**Exercise instructions**: Beneath this instruction is a block of data; output from it exactly the lines that run from the one containing "Oblázková pláž s pozvolným vstupem do moře." through the one containing "31 Orchard Rd, Hamilton, MA", inclusive.

**Extracted entries**:
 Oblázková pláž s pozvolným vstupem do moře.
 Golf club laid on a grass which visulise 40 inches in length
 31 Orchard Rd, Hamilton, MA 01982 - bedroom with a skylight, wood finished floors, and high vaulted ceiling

...

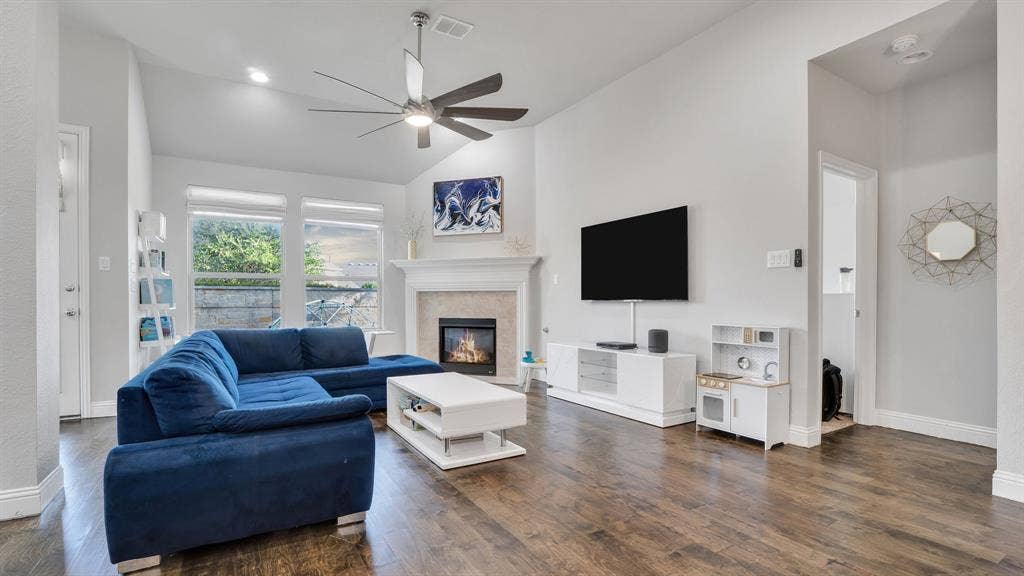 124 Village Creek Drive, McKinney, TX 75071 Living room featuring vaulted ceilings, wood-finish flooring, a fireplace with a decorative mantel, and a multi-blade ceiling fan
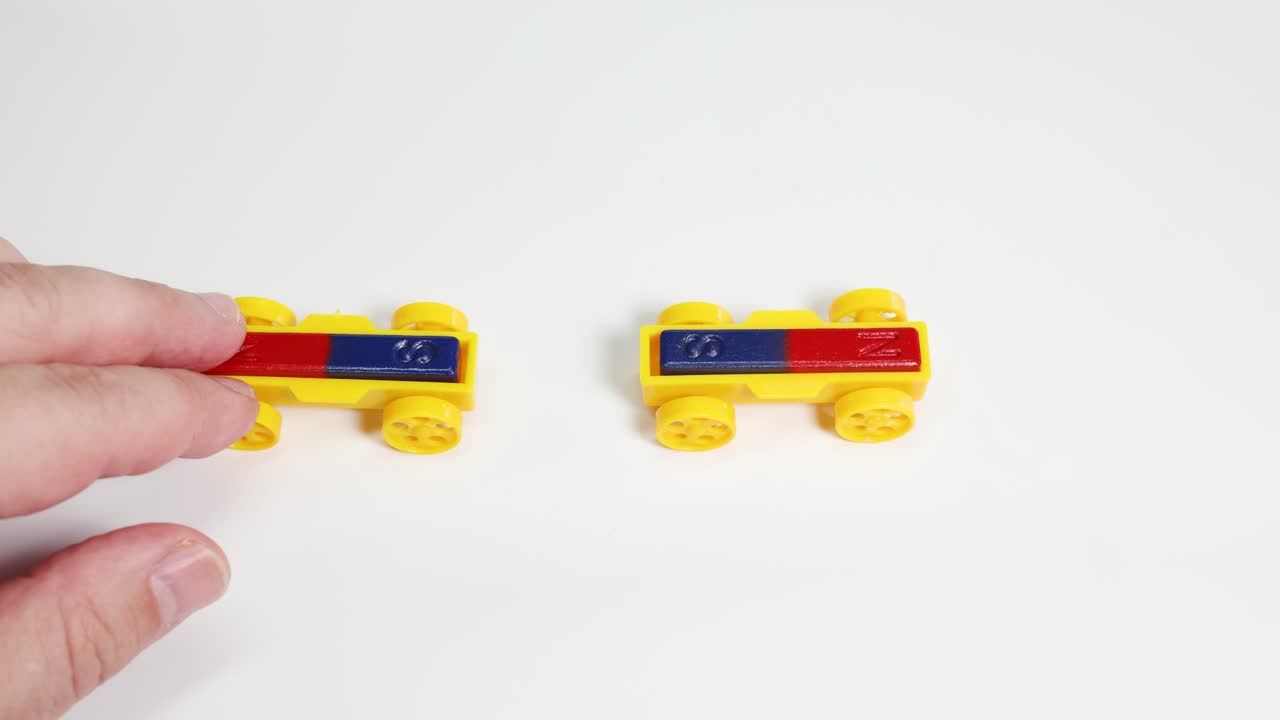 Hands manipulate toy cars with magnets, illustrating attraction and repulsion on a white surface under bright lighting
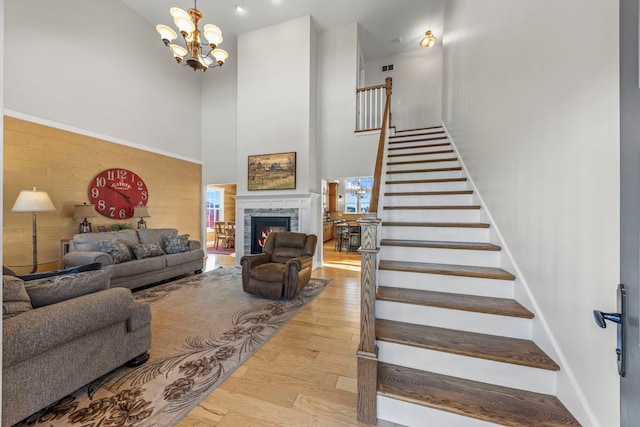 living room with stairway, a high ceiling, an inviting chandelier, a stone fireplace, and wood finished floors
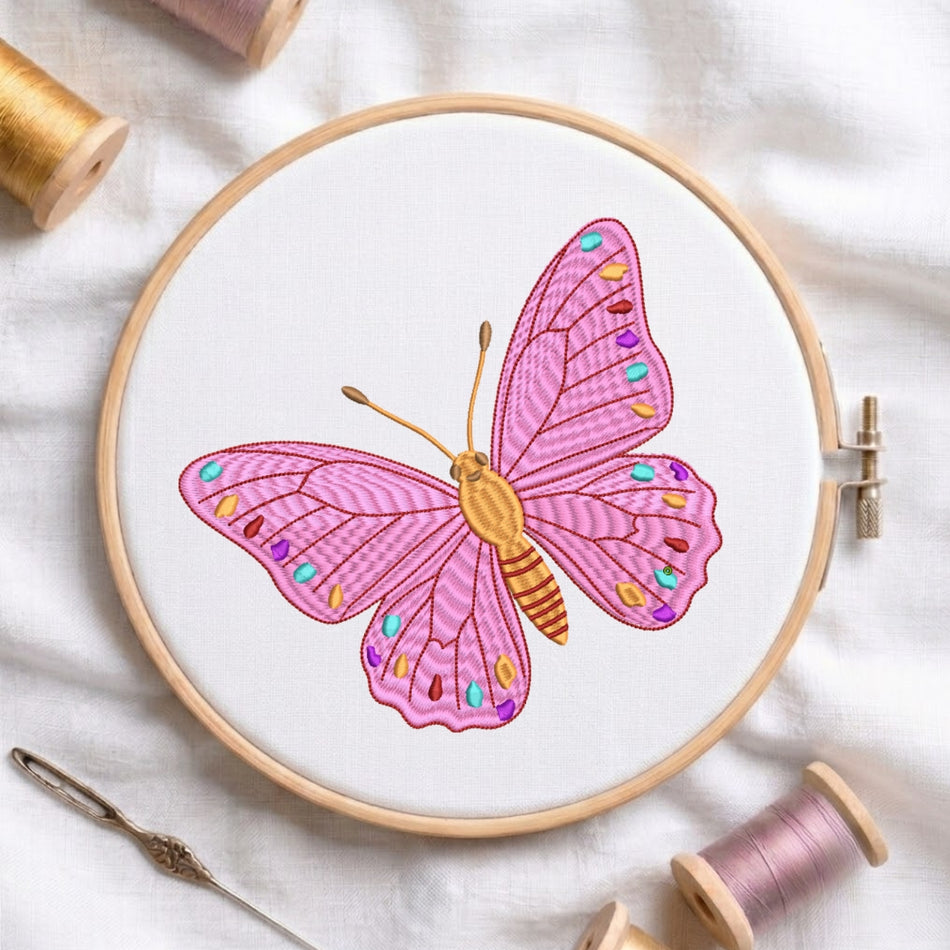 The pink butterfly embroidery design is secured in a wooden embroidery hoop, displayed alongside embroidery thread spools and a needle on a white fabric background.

**Solution**:
 Oblázková pláž s pozvolným vstupem do moře.
 Golf club laid on a grass which visulise 40 inches in length
 31 Orchard Rd, Hamilton, MA 01982 - bedroom with a skylight, wood finished floors, and high vaulted ceiling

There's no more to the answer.